→ TASK
Restate word for word the section of the entries that opens at the line containing "Emerald cut natural" and closes at the line containing "AZ license plate AOC1102", both lines kept, pictures dropped.

→ PROVIDED DATA
☆ ☆ ☆
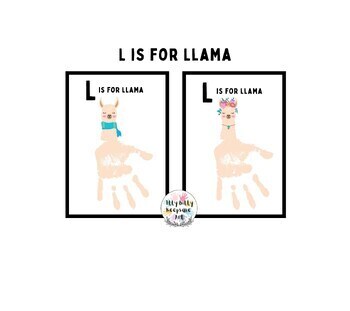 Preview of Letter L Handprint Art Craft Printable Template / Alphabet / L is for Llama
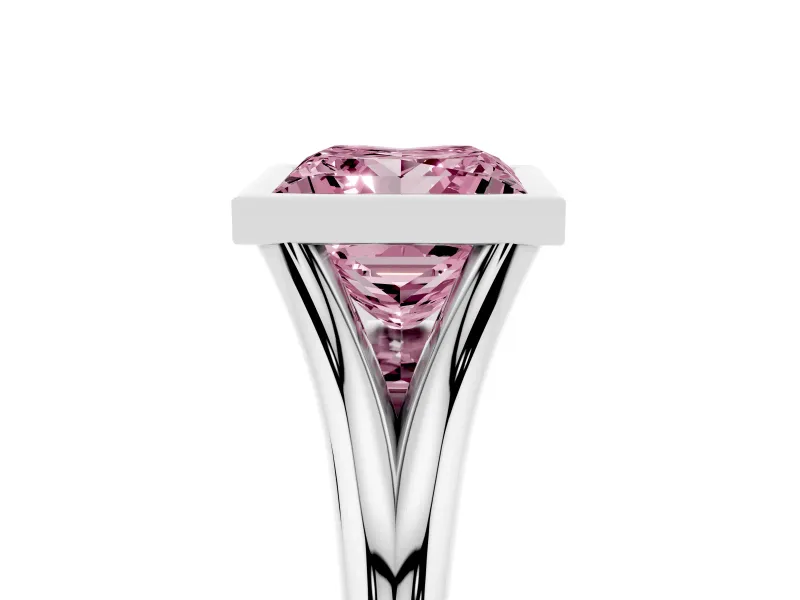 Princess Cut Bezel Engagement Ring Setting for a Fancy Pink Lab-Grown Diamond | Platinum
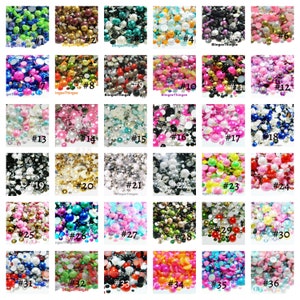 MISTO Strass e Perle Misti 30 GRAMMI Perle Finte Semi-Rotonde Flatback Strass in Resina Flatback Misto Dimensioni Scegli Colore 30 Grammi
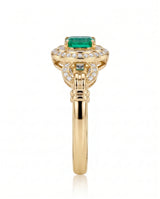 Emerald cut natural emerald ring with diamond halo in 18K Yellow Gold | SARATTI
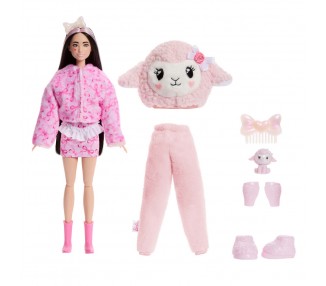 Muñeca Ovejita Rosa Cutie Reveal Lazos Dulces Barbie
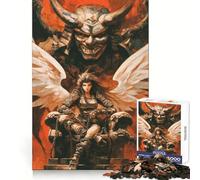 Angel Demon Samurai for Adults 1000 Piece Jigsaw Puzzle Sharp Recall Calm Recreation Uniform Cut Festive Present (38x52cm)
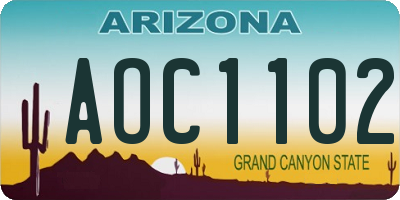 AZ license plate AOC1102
☆ ☆ ☆
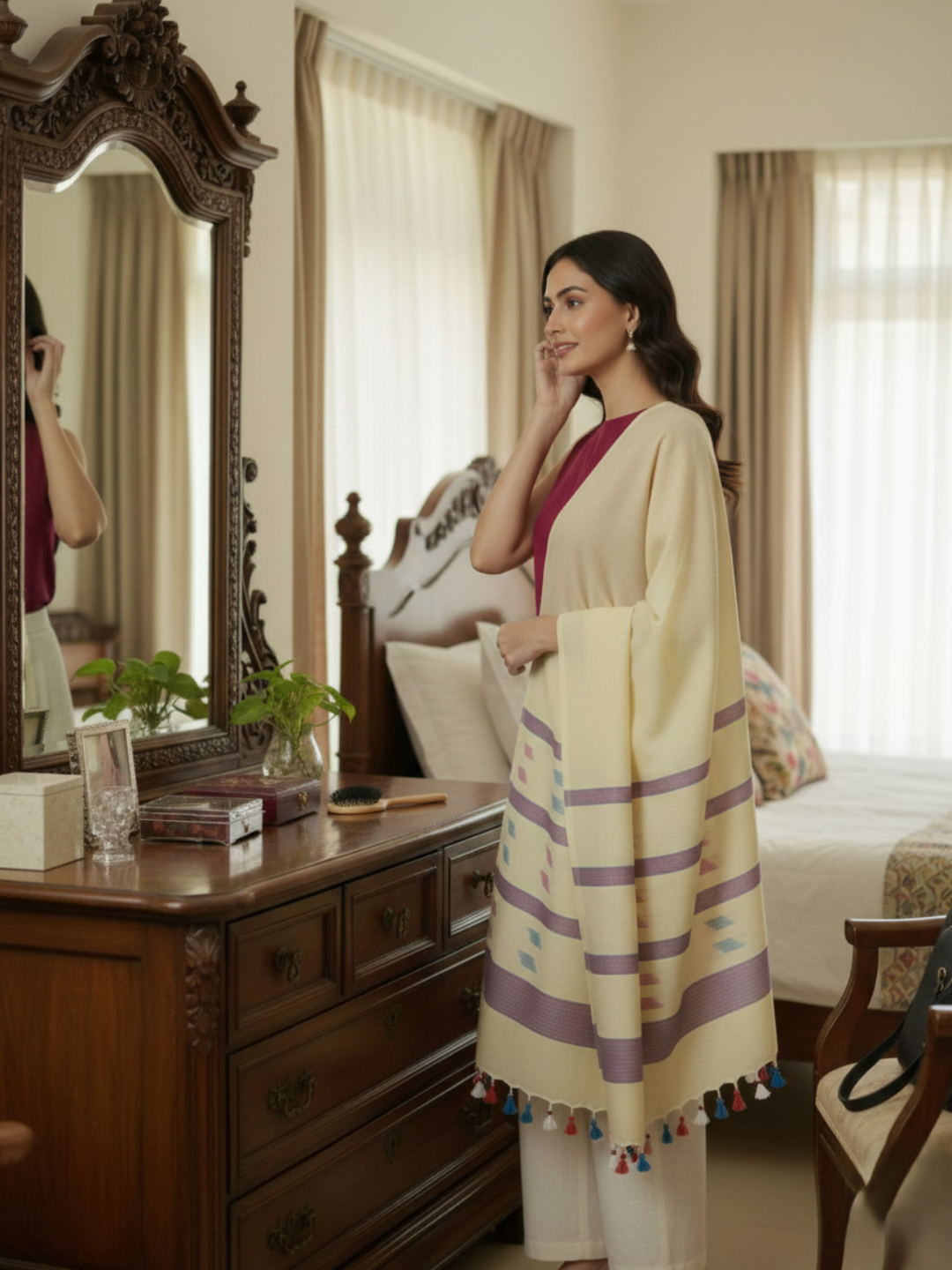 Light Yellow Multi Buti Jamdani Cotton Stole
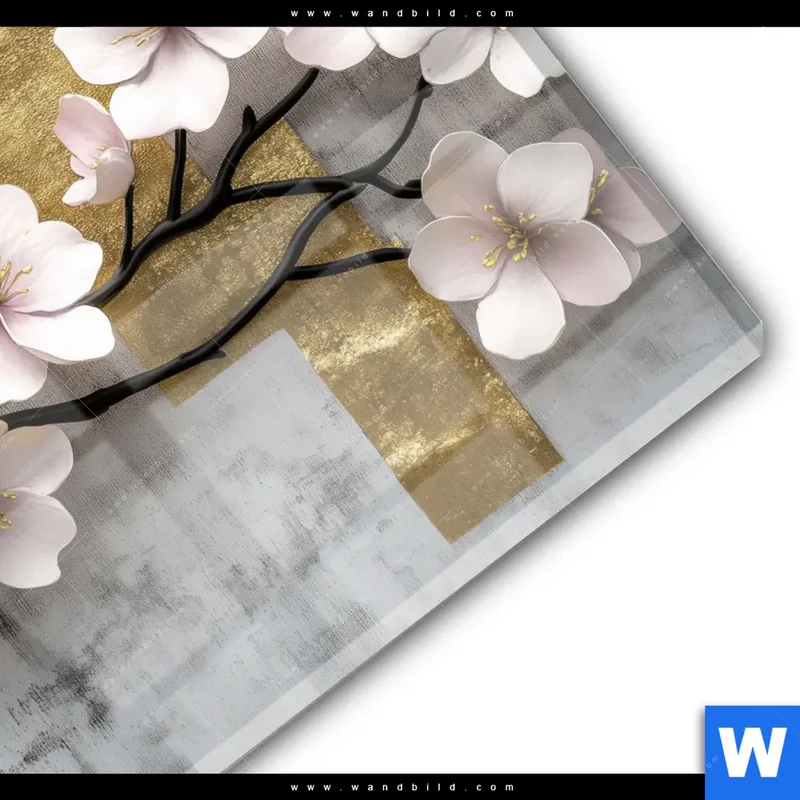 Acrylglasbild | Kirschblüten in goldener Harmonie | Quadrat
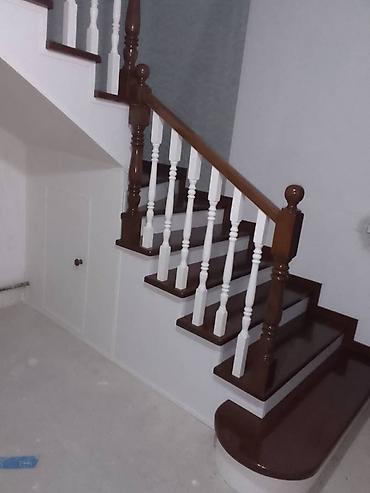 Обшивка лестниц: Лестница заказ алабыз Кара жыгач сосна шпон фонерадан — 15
☆ ☆ ☆
→ RESULT BELOW
 Emerald cut natural emerald ring with diamond halo in 18K Yellow Gold | SARATTI
 Muñeca Ovejita Rosa Cutie Reveal Lazos Dulces Barbie
 Angel Demon Samurai for Adults 1000 Piece Jigsaw Puzzle Sharp Recall Calm Recreation Uniform Cut Festive Present (38x52cm)
 AZ license plate AOC1102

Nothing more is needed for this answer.